Perhaps not the worst Spawn villain (like you can really measure that), but still seems like a keeper to me.
Edited by Stellarvore on Jun 18th 2021 at 1:22:10 PM
Also I just noticed that the Kagan quote I proposed is much smaller than all the others in format
So I'm gonna fix that.
Rayne: Severin, Kagan didn't just kill my mother, or rape her, or drive her insane. He also murdered her entire family. He murdered an entire family so that I'd have no one to turn to but him. Wasn't even cruelty, just his policy. For all the dhampir he created.
—BloodRayne 2
Yes to Nehelenia and Yagher. (Yagher only appears in #22 right?)

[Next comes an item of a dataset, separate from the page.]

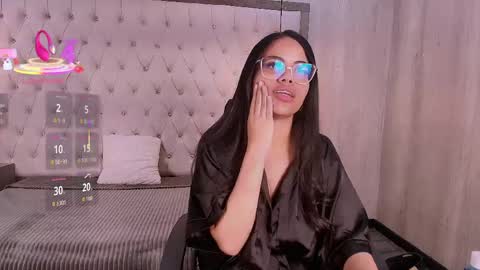 susan_voltaire online show from May 11, 12:00 pm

What did Rivalen and Du Blanc do?
Humanity is defined by its absurdity, and I am no exception.![]()
Happy birthday!
Should MCU!Skull's writeup be expanded to cover his comic actions? The bit about the Night of the Long Knives seems worth adding.
Yes to the Warrior. Sounds more Knight Templar than Well-Intentioned Extremist.
Yes to Gordeau. Mind writing him up this weekend? I wanna request the page lock Tuesday.
Abstain on Walrus.
I'm fine having Skull be both the quote and the image. He's the OG MCU CM; and, he's, you know, Red Skull
Yes to the Queen. I assume Chaos in the manga is Made of Evil?
Yes to Yagher Dien.
Edited by ACW on Jun 19th 2021 at 6:07:37 AM
I just want to say that the draft for Dr. Henry Miller misses out on some of his worse crimes (pulling out Dave's organs to see how far will he go to be with Henry or laughing in Jack's face when seeing him dying, among others). I propose a change to add those and some others.
From:
- Dr. Henry Miller is a dangerous Serial Killer and Mad Scientist who killed numerous kids in his own pizzeria and put their souls into machines, torturing them to be obedient, in the hope of having a soul helping him to pass the barrier that divides the living world from the afterlife. Henry manipulates his own "partner" William Afton into helping him, arranging his horrible fate in a suit to make him a murdering monster and causing a multitude of deaths throughout the Freddy Fazbender locations, eventually damning numerous souls and causing more destruction. In the "Evil Route", Henry possesses Jack, making him insult and then brutally kill William/Dave, to continue his killing spree.
To:
- Dr. Henry Miller, the Greater-Scope Villain of the trilogy, is a Serial Killer and Mad Scientist who would kill numerous kids in his own circus-turned-pizzeria as well as in rival locations, and put their souls into machines so he could pass the barrier between the living world and the afterlife. Henry would then manipulate his "partner", William Afton aka "Dave Miller", into joining him in his actions before pulling out his organs in his sleep after realising Afton would possess his own corpse so he could be with Henry, curious just how far will he go. Just one of the countless other actions he committed would be framing Jack Kennedy for the murder of his sister Dee, before causing his "death" in a Fredbear suit, laughing and walking away when seeing him bleed out. In the third game's Downer Ending, Henry would influence Jack into murdering Dave, before making Jack's corpse a mindless vessel that would follow the voice in his head.

People recently said they have a problem with the Whitehall image or did I misread that?